▶ [TASK STATEMENT]: In the material below, begin at the line that has "14k Yellow Gold", stop after the line that has "5PCS Boxed Pink", and transcribe those lines exactly, without pictures.

▶ [SUPPLIED RECORDS]:
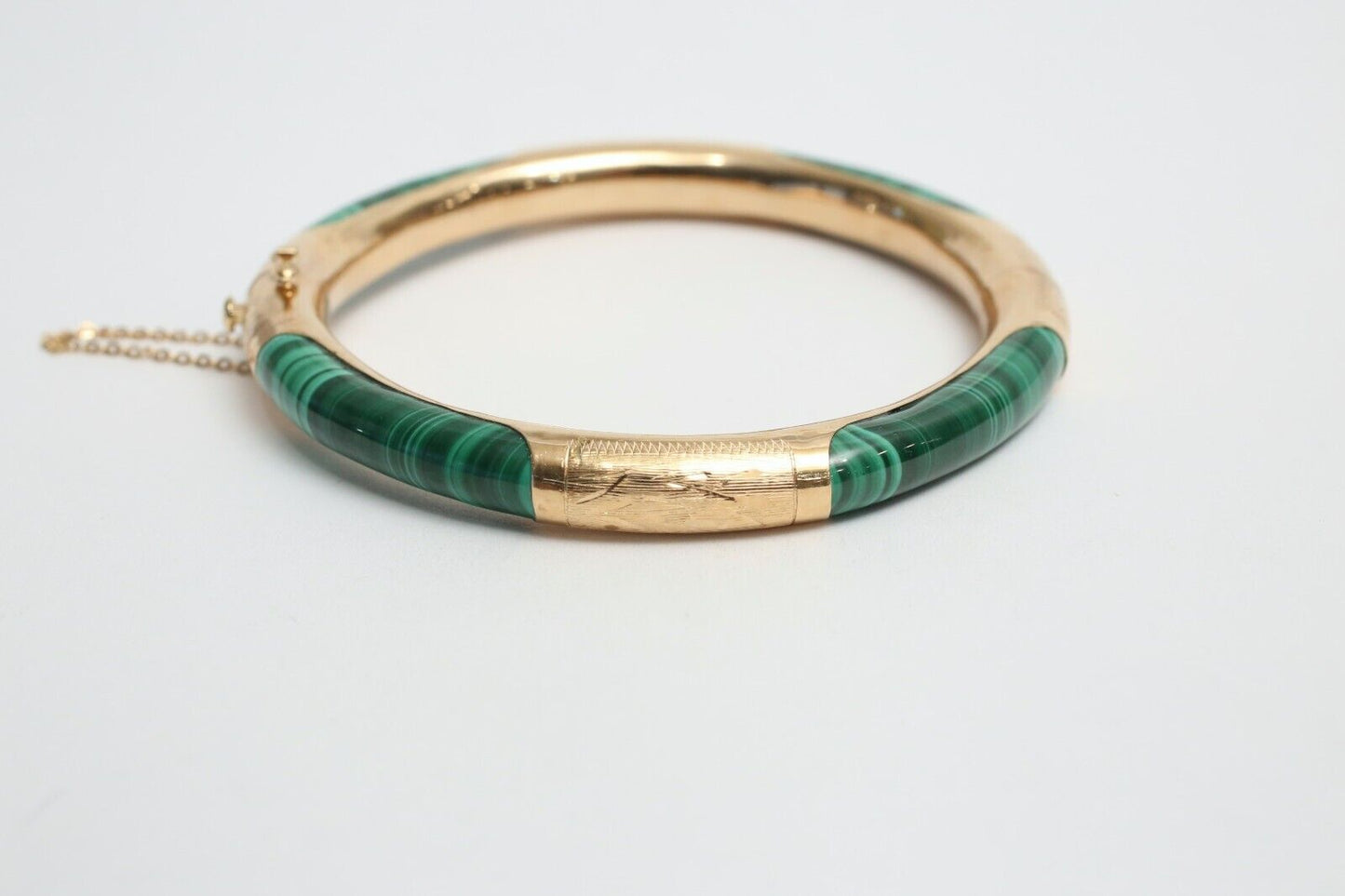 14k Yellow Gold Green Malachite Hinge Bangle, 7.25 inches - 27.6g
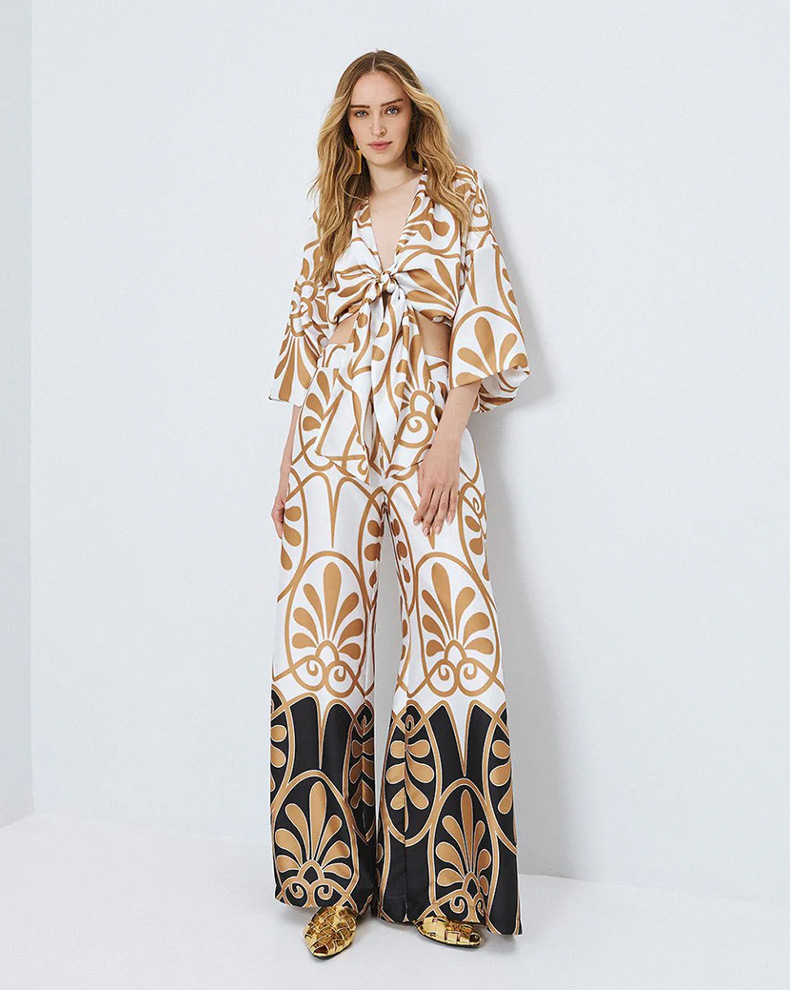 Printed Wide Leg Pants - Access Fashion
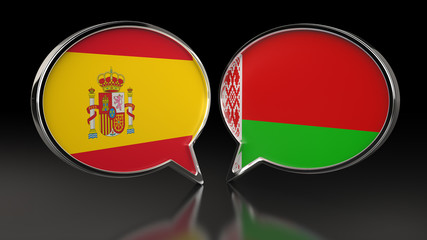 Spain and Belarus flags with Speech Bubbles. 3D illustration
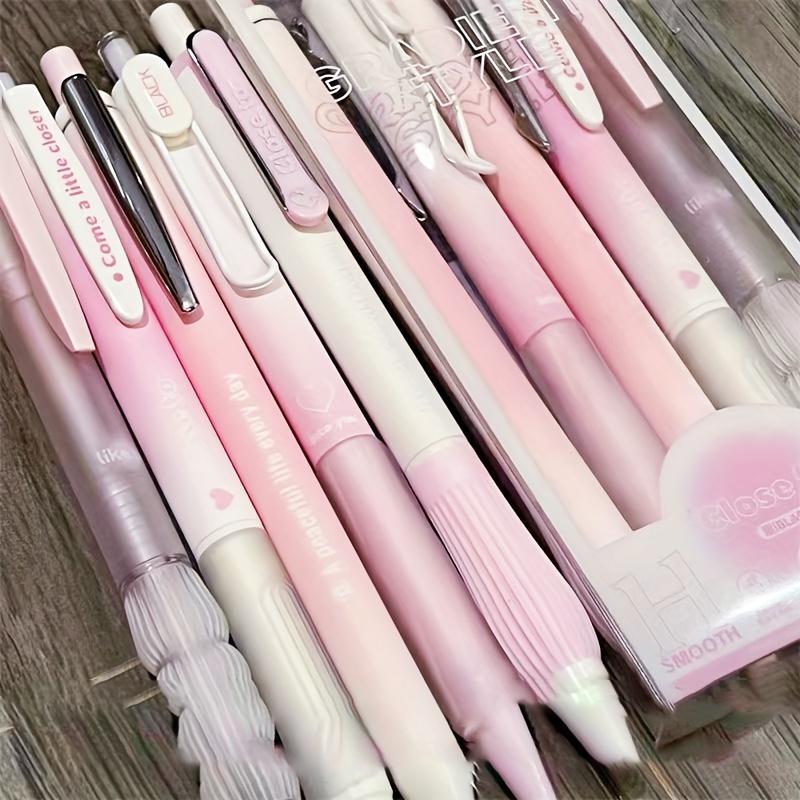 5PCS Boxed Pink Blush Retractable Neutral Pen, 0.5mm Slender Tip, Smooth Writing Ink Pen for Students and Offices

...

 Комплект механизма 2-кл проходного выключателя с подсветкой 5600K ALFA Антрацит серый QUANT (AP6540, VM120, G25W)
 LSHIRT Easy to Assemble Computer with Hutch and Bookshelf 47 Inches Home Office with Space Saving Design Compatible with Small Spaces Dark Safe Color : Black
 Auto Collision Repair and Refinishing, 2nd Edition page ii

...

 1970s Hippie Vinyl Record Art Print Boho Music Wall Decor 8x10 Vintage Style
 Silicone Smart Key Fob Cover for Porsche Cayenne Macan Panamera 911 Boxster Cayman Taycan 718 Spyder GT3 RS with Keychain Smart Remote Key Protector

▶ [FINISHED EXERCISE]:
 14k Yellow Gold Green Malachite Hinge Bangle, 7.25 inches - 27.6g
 Printed Wide Leg Pants - Access Fashion
 Spain and Belarus flags with Speech Bubbles. 3D illustration
 5PCS Boxed Pink Blush Retractable Neutral Pen, 0.5mm Slender Tip, Smooth Writing Ink Pen for Students and Offices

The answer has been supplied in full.